Take Jacquetta’s moody, I’m-so-spiritual behaviour in Venice, on their honeymoon. The way she had stood for hours in front of that Titian painting, oblivious to his fidgety glances at his watch and longings for lunch. At the time he had been impressed by her rapt stillness, by the way other people washed over her but she remained, like a rock each time the waves receded. She had also looked very fetching in her velvet cape. But already there was something ostentatious in her solitude; she was making him feel lowly and coarse, preoccupied with his stomach and excluded from the higher plane inhabited only by the Venetian painters and herself. She had a knack of doing this, a knack which developed as the years passed. When she started sleeping with her shrink she actually managed to make him feel excluded from a twosome too sensitive for him, a twosome which alone breathed the rarified air of her psyche. It was Titian all over again. Worse, of course, but the same sort of thing.
Then there was Popsi
’s behaviour in John Lewis, when they were buying curtains. Popsi, his first wife. Years and years ago, this was, back in the sixties. They were both hopelessly undomesticated but they had just moved into two rooms in Bloomsbury and were making an effort. Popsi was a cheerful, accommodating girl; she was usually cast in walk-on parts as a country wench, bursting out of her bodice. That day she had failed an audition and had sunk a few on the way to the store. First she had stilled the department with her rendering of ‘There was a young lady from Bristol.’ Then, in an abrupt mood-switch, tears streaming down her cheeks, she had told the elderly salesman about her abortion, how his cutting scissors reminded her, how she was only sixteen at the time and how it would have been a strapping boy by now. Taking her arm and steering her towards the fabric rolls, Buffy had realized that even if there wasn’t going to be trouble ahead, there was bound to be a fair amount of embarrassment.

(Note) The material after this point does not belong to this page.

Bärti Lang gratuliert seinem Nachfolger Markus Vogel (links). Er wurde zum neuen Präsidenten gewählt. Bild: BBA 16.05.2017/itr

Celeste wasn’t like any of them. In fact, she wasn’t like any girl he had ever met. She was fresh and unused. She was like a shiny new exercise book in which he would begin writing his most entertaining thoughts in his best italics. Her youth made him feel wise and experienced, and about time too. Where women were concerned he had always been susceptible; well, foolish sometimes. But she really was enchanting, the way she gazed at him in her forthright way and asked him questions. It was the next day and he had brought in a roll of film to be developed. She really seemed pleased to see him.

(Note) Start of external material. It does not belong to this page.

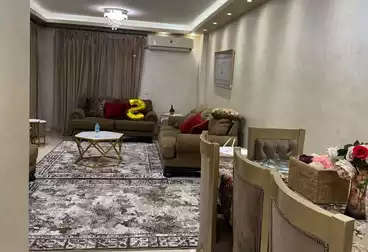Furnished Apartment For rent - 3 rooms - floor 3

‘What are these then?’ she asked. ‘Holiday snaps?’
‘Photos of the pavement.’
‘The pavement?’
‘The dug-up bits,’ he said.
‘Why’ve you taken photos of the pavement?’
‘I’m going to send them off with a letter of complaint. Nearly broke my neck again this morning.’ He handed her the film. ‘It was already in my camera. Must’ve been there for ages, God knows what else is on it.’
‘What do you think is?’ She looked at him, frowning.
‘Something embarrassing, probably. Something that’s better left there undeveloped, like a thought you don’t put into words.’